## ASSIGNED TASK
Copy exactly, and only, the lines that start at the line containing "this 630×400 image." and end at the last line of the material below.

───── RECORDED INFORMATION

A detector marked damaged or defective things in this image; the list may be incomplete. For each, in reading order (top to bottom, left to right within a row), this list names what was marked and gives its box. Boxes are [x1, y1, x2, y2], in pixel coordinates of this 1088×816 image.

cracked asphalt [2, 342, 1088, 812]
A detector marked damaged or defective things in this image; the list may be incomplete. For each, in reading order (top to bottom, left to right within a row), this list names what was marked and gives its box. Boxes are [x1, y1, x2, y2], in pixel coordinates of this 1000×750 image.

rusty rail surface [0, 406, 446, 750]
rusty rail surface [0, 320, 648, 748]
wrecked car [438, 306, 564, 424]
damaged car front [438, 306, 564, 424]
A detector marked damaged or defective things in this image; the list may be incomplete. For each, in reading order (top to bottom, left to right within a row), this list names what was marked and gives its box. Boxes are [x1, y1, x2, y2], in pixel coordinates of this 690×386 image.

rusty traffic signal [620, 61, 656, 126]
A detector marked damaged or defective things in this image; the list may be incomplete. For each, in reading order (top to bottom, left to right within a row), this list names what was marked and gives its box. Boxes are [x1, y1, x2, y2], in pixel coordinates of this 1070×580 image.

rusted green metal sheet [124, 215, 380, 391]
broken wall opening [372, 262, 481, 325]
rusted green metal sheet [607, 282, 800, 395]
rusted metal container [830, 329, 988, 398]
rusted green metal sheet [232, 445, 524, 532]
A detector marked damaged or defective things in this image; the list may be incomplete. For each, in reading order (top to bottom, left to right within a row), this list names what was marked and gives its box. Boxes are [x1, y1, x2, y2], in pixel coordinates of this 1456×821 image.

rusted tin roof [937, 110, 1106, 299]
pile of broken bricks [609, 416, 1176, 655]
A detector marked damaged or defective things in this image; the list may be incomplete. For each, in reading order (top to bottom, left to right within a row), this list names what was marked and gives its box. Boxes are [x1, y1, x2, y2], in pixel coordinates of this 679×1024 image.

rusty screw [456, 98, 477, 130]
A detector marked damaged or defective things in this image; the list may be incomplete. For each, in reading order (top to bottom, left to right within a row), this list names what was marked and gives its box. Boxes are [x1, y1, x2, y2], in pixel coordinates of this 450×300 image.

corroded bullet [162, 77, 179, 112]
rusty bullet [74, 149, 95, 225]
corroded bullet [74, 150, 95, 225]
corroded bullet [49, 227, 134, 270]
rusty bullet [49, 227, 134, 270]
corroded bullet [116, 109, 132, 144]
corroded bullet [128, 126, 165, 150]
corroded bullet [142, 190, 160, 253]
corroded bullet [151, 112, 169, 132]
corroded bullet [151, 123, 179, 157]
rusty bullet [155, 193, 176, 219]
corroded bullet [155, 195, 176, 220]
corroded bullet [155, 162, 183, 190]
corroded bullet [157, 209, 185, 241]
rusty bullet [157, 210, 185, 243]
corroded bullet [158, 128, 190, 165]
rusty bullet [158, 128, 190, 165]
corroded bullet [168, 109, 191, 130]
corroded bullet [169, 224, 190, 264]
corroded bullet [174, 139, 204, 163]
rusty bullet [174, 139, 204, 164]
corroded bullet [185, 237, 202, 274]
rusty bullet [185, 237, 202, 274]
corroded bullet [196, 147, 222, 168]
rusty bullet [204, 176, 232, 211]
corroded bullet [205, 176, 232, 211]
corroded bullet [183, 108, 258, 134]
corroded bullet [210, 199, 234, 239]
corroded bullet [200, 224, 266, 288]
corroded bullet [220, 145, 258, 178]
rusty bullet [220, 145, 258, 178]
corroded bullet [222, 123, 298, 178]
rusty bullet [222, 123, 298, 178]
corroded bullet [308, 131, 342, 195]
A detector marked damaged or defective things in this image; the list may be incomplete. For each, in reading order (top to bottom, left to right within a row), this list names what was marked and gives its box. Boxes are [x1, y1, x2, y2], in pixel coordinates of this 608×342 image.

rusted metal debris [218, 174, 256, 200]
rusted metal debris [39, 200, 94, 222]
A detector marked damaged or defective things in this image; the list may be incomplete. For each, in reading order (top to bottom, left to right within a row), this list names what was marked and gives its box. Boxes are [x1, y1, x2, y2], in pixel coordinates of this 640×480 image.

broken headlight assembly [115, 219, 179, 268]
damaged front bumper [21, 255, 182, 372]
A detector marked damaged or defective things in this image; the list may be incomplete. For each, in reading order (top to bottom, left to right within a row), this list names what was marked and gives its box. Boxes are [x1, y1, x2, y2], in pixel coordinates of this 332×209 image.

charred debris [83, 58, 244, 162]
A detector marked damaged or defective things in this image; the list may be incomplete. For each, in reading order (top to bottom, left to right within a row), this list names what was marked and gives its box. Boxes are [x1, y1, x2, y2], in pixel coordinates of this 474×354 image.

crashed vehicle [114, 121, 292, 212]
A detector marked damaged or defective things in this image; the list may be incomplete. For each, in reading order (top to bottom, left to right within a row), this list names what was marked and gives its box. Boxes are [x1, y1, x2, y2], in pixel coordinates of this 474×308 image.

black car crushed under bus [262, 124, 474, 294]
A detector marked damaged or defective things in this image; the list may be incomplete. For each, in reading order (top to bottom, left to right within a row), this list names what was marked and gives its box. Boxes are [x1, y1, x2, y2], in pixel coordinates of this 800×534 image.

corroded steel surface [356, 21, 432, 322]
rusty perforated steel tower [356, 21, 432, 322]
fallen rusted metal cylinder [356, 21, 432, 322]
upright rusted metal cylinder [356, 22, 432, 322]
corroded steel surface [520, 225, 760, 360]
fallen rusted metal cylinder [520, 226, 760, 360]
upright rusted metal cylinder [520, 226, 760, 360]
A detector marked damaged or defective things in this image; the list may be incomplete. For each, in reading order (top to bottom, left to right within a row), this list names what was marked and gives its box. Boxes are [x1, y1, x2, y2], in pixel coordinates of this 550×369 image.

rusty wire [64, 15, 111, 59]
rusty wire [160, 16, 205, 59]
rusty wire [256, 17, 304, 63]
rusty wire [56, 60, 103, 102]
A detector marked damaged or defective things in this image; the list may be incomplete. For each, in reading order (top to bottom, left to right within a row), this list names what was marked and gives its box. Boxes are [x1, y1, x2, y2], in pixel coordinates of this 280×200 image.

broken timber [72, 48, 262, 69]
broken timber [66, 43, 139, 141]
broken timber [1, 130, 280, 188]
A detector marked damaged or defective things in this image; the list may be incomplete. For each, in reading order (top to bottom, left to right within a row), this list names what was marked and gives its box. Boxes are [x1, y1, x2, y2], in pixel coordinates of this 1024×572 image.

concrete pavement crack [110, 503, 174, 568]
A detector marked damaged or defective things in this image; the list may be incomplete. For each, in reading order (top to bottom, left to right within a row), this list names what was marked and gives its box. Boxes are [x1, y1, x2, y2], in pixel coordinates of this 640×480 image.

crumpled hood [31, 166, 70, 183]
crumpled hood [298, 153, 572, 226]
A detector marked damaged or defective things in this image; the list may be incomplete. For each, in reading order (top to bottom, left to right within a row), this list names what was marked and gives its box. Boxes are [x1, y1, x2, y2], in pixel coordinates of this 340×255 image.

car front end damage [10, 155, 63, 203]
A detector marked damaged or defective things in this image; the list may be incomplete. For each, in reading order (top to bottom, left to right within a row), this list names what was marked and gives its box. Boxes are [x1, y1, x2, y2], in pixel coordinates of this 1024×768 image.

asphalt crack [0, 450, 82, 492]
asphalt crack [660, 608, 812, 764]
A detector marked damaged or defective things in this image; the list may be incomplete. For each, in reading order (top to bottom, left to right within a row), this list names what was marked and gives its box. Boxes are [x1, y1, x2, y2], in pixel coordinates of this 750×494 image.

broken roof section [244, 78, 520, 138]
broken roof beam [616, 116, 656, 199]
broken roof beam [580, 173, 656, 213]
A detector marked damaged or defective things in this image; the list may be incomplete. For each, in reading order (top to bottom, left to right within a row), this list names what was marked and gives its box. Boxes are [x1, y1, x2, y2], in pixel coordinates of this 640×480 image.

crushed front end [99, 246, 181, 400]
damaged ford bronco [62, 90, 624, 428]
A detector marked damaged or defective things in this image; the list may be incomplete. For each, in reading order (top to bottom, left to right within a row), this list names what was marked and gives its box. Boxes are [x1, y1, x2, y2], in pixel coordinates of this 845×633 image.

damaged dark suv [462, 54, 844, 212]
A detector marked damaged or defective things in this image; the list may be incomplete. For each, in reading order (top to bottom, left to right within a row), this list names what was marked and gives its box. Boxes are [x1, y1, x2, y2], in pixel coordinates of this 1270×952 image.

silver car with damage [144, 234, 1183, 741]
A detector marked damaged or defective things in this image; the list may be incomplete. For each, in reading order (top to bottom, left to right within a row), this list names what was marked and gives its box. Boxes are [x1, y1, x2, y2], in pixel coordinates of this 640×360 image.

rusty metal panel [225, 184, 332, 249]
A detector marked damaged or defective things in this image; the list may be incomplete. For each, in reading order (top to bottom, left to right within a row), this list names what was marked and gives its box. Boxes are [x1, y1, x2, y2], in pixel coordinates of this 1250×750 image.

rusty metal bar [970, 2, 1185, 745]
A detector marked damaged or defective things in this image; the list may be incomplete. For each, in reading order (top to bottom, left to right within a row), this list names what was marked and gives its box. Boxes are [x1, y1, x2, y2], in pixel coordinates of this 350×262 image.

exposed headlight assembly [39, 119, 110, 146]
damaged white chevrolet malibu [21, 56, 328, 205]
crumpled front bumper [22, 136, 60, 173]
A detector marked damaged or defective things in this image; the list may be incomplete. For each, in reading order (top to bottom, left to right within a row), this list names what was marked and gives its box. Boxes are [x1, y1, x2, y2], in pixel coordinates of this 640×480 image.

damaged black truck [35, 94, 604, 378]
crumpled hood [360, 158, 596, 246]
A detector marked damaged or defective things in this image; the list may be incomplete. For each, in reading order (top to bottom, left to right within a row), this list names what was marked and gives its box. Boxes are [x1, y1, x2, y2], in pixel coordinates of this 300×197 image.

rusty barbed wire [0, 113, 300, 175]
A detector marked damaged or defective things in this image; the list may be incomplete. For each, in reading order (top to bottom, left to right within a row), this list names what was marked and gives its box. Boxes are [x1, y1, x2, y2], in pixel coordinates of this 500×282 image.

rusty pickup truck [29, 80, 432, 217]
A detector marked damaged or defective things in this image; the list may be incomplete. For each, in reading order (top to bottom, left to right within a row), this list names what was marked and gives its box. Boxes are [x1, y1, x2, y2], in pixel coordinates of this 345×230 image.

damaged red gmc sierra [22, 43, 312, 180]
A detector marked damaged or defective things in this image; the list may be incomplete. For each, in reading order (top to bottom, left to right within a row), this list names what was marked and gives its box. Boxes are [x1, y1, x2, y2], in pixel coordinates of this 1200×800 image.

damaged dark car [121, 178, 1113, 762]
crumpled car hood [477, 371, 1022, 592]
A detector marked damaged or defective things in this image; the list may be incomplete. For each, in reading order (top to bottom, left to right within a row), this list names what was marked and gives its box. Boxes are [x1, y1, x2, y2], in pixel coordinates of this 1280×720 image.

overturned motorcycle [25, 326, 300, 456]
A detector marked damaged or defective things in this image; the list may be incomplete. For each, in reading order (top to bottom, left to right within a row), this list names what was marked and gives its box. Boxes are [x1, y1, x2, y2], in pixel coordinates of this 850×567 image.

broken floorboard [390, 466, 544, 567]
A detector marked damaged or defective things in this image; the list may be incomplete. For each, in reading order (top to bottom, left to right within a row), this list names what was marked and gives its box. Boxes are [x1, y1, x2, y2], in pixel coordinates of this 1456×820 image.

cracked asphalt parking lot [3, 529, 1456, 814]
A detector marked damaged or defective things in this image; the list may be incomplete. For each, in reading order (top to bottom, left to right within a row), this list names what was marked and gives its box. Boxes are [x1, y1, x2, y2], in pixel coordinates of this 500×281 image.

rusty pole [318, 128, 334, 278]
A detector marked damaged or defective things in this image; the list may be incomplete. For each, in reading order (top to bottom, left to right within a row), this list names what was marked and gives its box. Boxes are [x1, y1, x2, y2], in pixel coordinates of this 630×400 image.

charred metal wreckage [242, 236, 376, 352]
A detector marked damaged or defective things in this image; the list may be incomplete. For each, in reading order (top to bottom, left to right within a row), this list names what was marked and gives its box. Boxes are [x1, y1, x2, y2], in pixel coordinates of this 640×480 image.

──────────

## EXPECTED OUTPUT
A detector marked damaged or defective things in this image; the list may be incomplete. For each, in reading order (top to bottom, left to right within a row), this list names what was marked and gives its box. Boxes are [x1, y1, x2, y2], in pixel coordinates of this 630×400 image.

charred metal wreckage [242, 236, 376, 352]
A detector marked damaged or defective things in this image; the list may be incomplete. For each, in reading order (top to bottom, left to right within a row), this list names what was marked and gives its box. Boxes are [x1, y1, x2, y2], in pixel coordinates of this 640×480 image.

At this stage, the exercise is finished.